Oggi in Parlamento, in occasione del voto di fiducia sulla manovra d'emergenza di Monti e dei suoi tecnici, si registrerà probabilmente un insieme di mugugni, di perplessità, qualche scarto, qualche piccola minaccia obliqua, e poco più. Ma occorre che rapidamente le leadership di centrosinistra e centrodestra si attrezzino per uscire, senza impennate demagogiche, da questa clandestinità autoimposta, da questo tran tran che disonora e svuota il loro rapporto con gli elettori, con la società. I centristi hanno già deciso che la conformità al progetto espresso nel governo Monti è il metro di misura del futuro. Lavoreranno per un'alleanza che renda possibile una modernizzazione tecnocratica secondo l'esperienza che offre e offrirà l'esecutivo dei bocconiani. Generico ma chiaro. Ma gli altri. Un Bersani o un Berlusconi-Alfano?
A occhio e croce, non ci sono terze vie. O si decide che la soluzione Monti non funziona, perché non risolve l'emergenza finanziaria e non apre prospettive di rilancio nazionale, né nelle decisioni recessive domestiche né in quelle condivise a Bruxelles con il direttorio teutonizzato, e ci si assume la responsabilità di stabilire confini temporali rigidi all'esperienza tecnocratica, cominciando a delineare un nuovo programma per un nuovo governo deciso dagli elettori.
Oppure, se si ritenga che nuove elezioni e nuovi governi fondati su queste regole produrrebbero il poco del passato, con rischi gravi di tenuta dell'Italia, i leader alternativi si accordino su una proposta per cambiare il sistema, dalla legge elettorale ai poteri dell'esecutivo e di chi lo guida, fino alla riforma del Parlamento e della sua pletorica disfunzionalità, resa teatrale dalle ultime performance tribunizie e dal suo ammutolimento (due facce della stessa medaglia).
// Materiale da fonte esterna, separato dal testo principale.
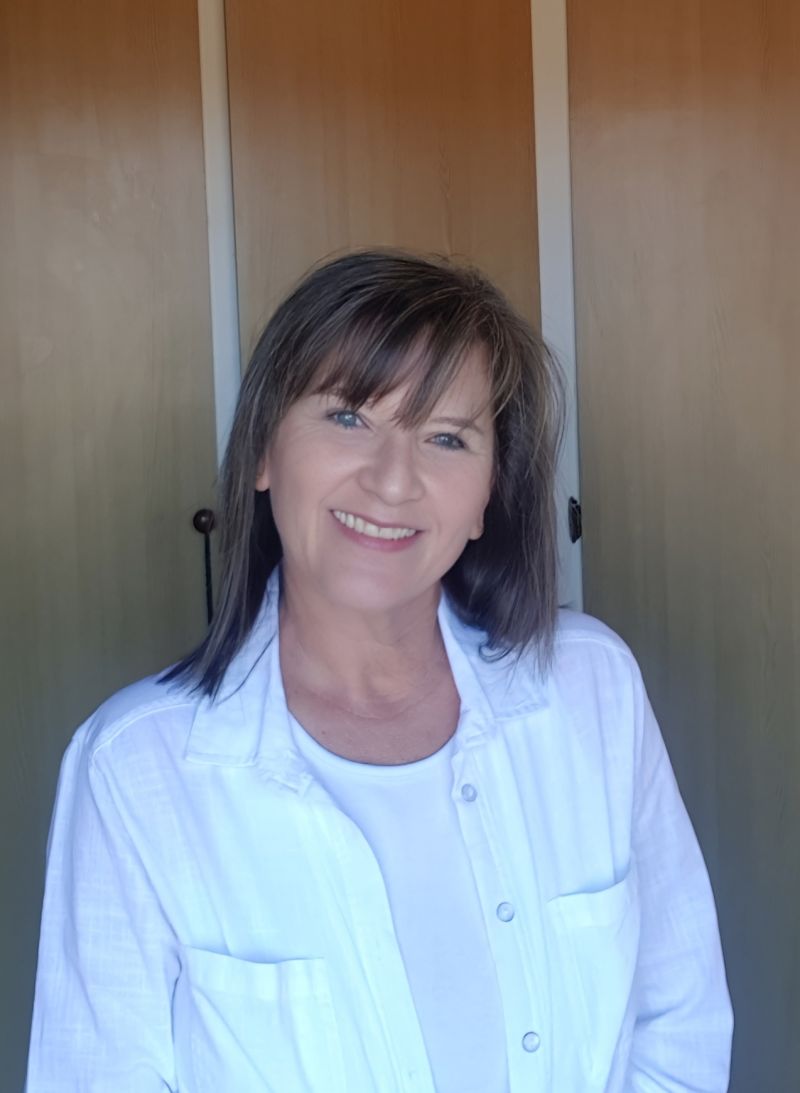 Blue_eyes_2 Blue_eyes_2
Insomma, la cosa peggiore è trascinarsi in una logica in cui gli unici elementi di identità sono forniti dal risentimento per il passato o da sortite demagogiche e particolaristiche per il presente. Se non si può mettere in crisi a breve la soluzione Monti, nonostante cominci a deludere i contraenti del patto underground, e ripristinare il conflitto polare del passato, l'unica è accordarsi per un nuovo patto politico costituente in vista del 2013.